▸ **Task directions**
Take the lines below from the one with "3508 Clay Creek Ct — Photo 14" through the one with "Photo 1 of Sale" and retype them exactly. Include nothing else, and no pictures.

▸ **Input data**
────
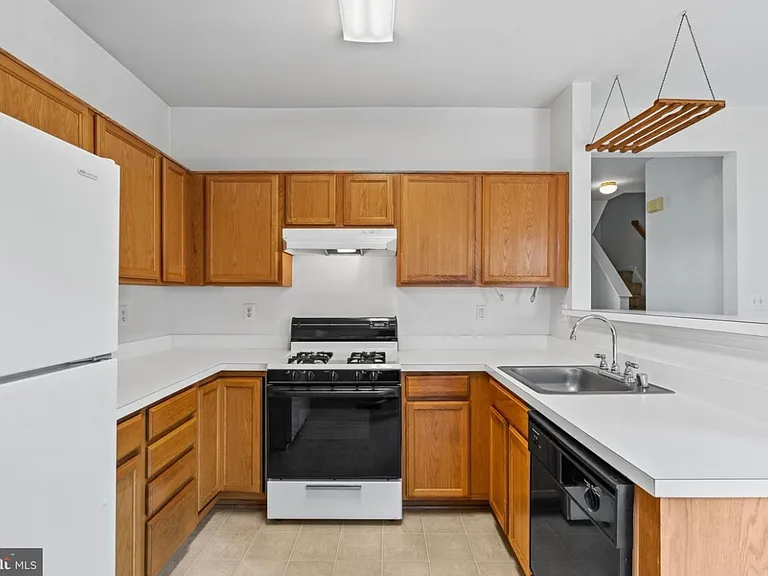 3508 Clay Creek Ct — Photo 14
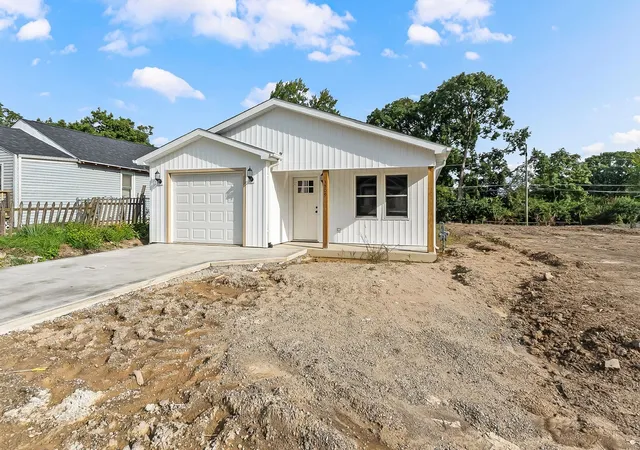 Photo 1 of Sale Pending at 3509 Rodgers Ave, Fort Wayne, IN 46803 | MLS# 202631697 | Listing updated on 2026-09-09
────
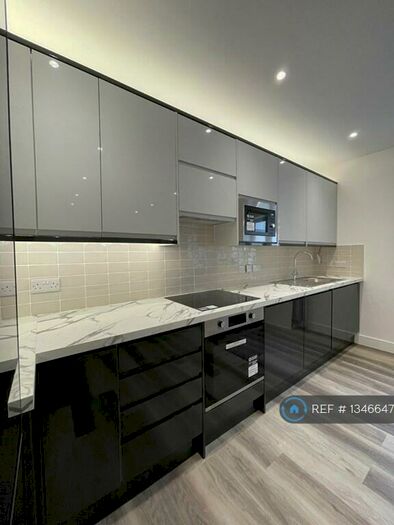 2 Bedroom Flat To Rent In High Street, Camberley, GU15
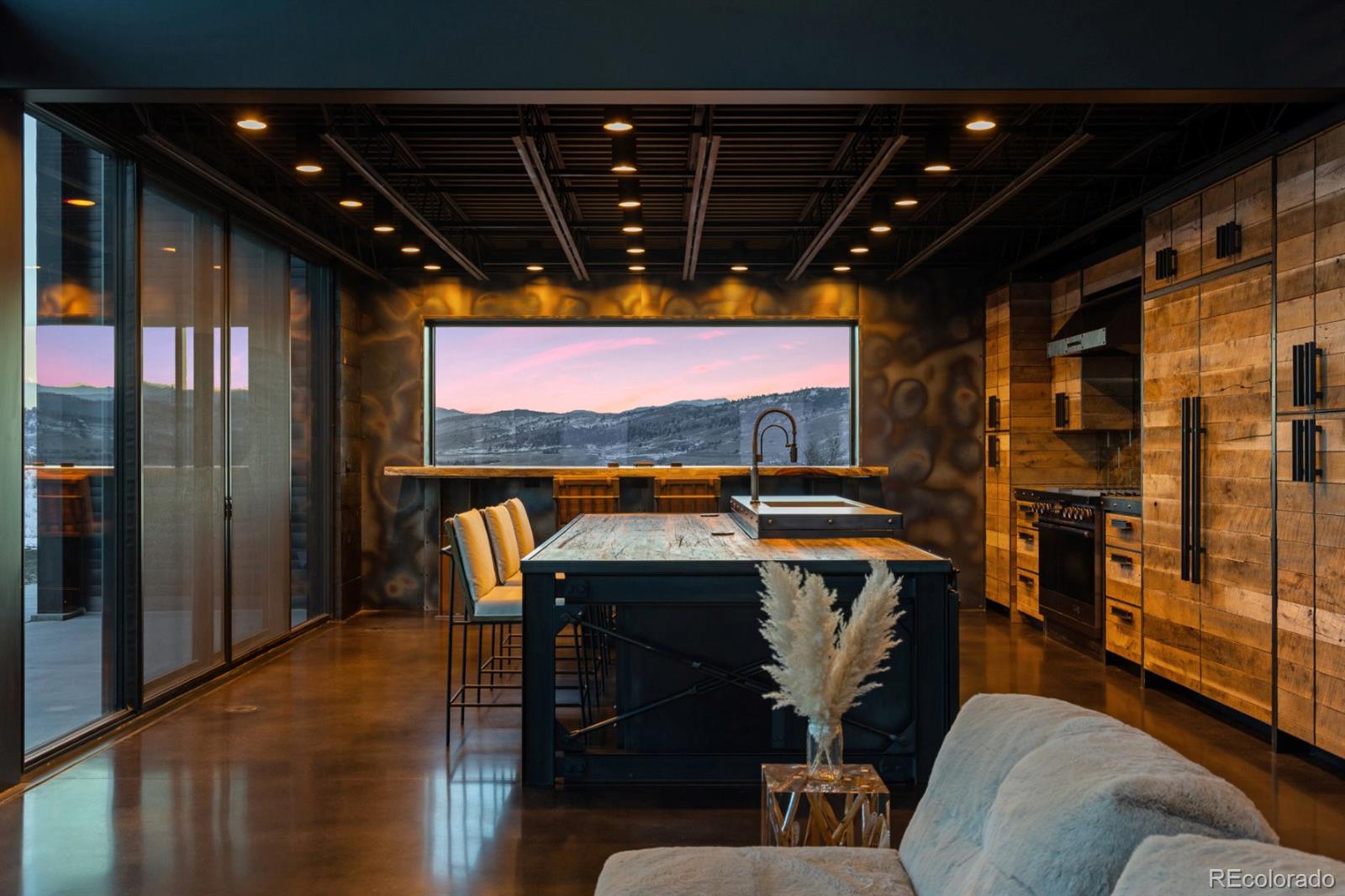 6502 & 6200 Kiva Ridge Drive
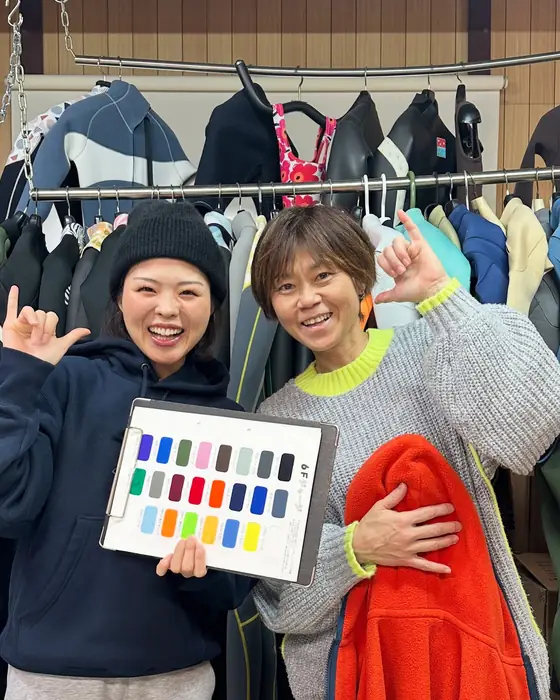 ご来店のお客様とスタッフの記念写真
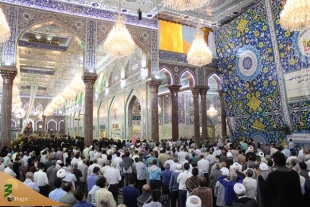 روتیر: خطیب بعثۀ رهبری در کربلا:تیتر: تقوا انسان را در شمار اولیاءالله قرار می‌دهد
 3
────
▸ **Written solution**
 3508 Clay Creek Ct — Photo 14
 Photo 1 of Sale Pending at 3509 Rodgers Ave, Fort Wayne, IN 46803 | MLS# 202631697 | Listing updated on 2026-09-09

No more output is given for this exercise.